横浜・山手で暮らしていくこと。横浜開港以来の歴史に根ざした文化を残す山手エリア、そこには今も昔も人々の生活があります。山手・谷戸坂にショップを構える「STANDARD TRADE.」代表の渡邊謙一郎さんと、山手本通り沿い「喫茶エレーナ」店主・服部静雄さんに、さまざまな変遷を経ながら営まれてきた地域の暮らしの風景についてお話を伺いました。
喫茶エレーナ店主
服部静雄さん
横浜は370万人の人口がいる
「スモールタウン」なんです。
テキスタイルデザイナーとして東京や名古屋で暮らした後、横浜に戻り、山手本通りにこの店を開いたのが1975年。34歳のときでした。横浜山手は憧れの土地でしたし、すぐ隣にフェリス女学院がありましたから、学生たちが来てくれるのではないかと思ってこの場所に決めました。当時の山手はまだ米軍根岸住宅に住む外国人も多く、今以上に異国情緒がありましたね。洋館はまだ整備されていなくて、観光客はほとんどいませんでした。

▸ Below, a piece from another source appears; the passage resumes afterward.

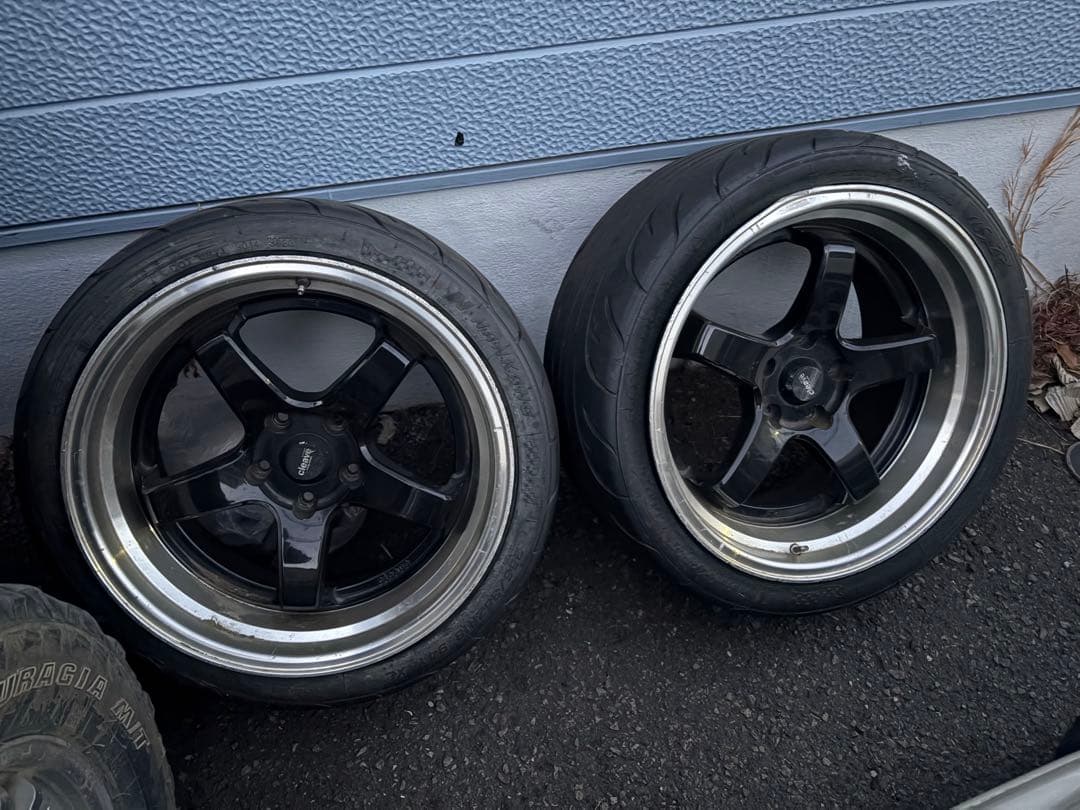 CLEAVE ホイール　18インチ二本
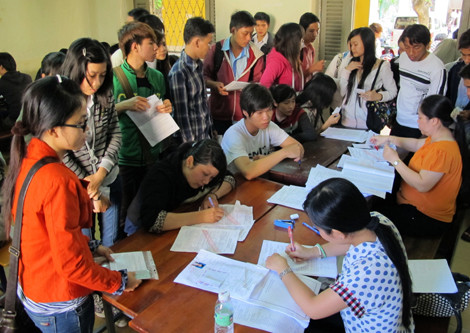 Lam sao kiem soat thi sinh trung tuyen NV1 khong nop ho so?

開店にあたっては、〈ヤマギワ〉で照明を特注したりと、インテリアにはこだわりました。この周辺に住んでいるお客さんは質の良いものを知っている方々ですから、下手なものは見せられないという思いがありましたね。今も椅子とテーブル以外は変えず、50年近く営業を続けています。オープン以来の常連のお客さんもいて、お孫さんを連れて来てくださることもありますよ。学生時代に通った方が、久しぶりに訪ねて来られたり。長い間にたくさんのお客さんとのお付き合いをさせていただいています。
この半世紀で、周辺の方々は引っ越されたり、外国人の方は本国に戻られたりで、住民は変わっていますが、山手が住む方々のための街であることには変わりません。ここは「第一種住居地域」で、建築物の高さや色彩の規制もある。今もあまり店舗はないし、静かに暮らしている方が多いですね。

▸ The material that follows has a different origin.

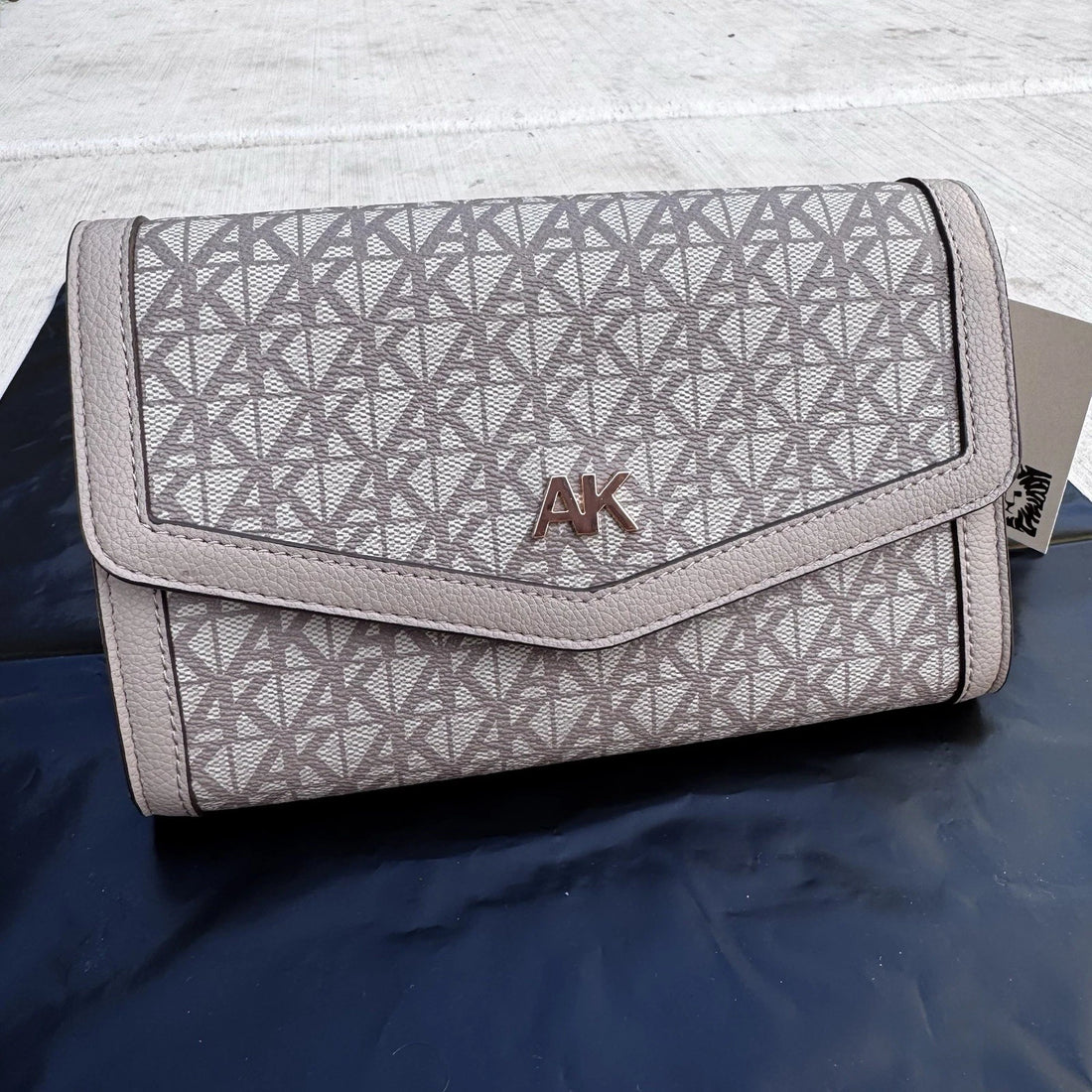 Anne Klein Signature Crossbody Purse on Chain, Mini Shoulder Bag in Beige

横浜でも中区・西区の住人はまさに「ハマっ子」というイメージで、都会的な気質があります。演歌でなくジャズで育っているし、英語が堪能な方も多い。そういう場所ですから、もしウチのお店に有名人がいても、特に誰も気にしない。だからどなたもリラックスして過ごしていただけます。

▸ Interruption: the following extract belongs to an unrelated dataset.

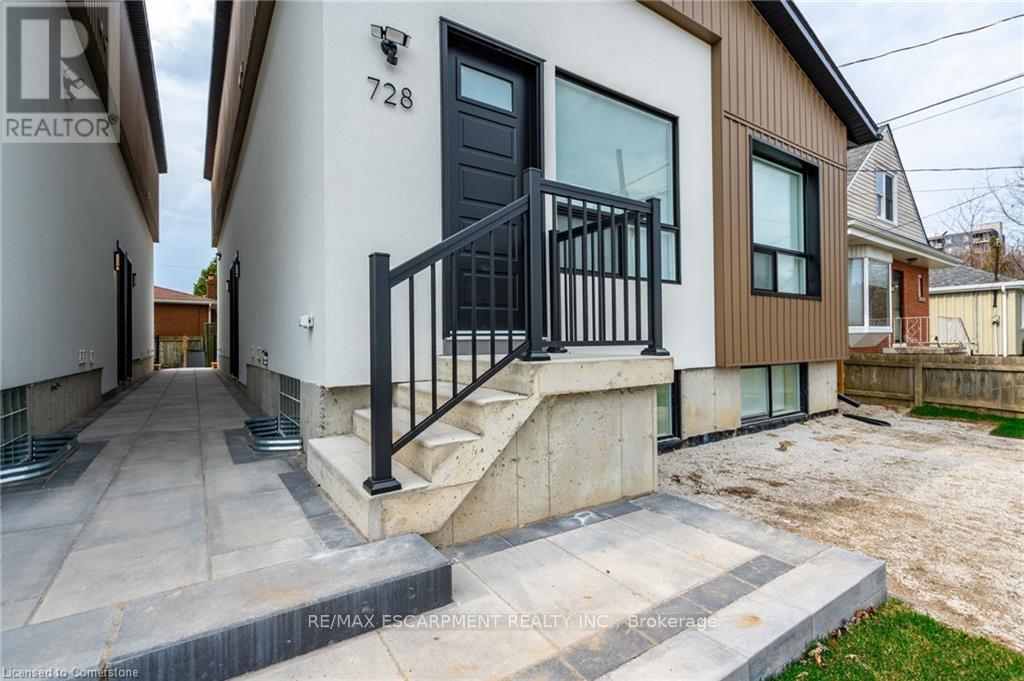 Photo of 728 ELEVENTH Avenue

そもそも横浜は、370万人の人口がいる都市でありながら「スモールタウン」なんです。みなとみらい線の元町・中華街駅から横浜駅までが約4キロメートル。その4キロ四方にデパート、飲食店、公園などあらゆるものがあり、生活のすべてが間に合う。車の大渋滞はほとんどない。住むには最高なんですよ。だから、横浜の人はあまり外に出ていきません。どこか他の地域に行った後は、帰り道に横浜マリンタワーが目に入ると、「ああ、戻ってきた」とホッとするんです。
STANDARD TRADE.代表
渡邊謙一郎さん
横浜に戻って、
日常の暮らしが
素晴らしいと
感じるようになった。
横浜育ちで、大学卒業後はずっと東京で暮らし仕事していましたが、30代半ばごろに横浜に戻り、2018年に山手町の谷戸坂沿いにショップをオープンしました。東京の都心は新しいお店やものがたくさんあって毎日変化があり、若い頃はそれが楽しく感じていましたが、年齢を重ねてだんだんと落ち着いて生活したい、年相応の働き方をしたいという気持ちが強くなってきたんですね。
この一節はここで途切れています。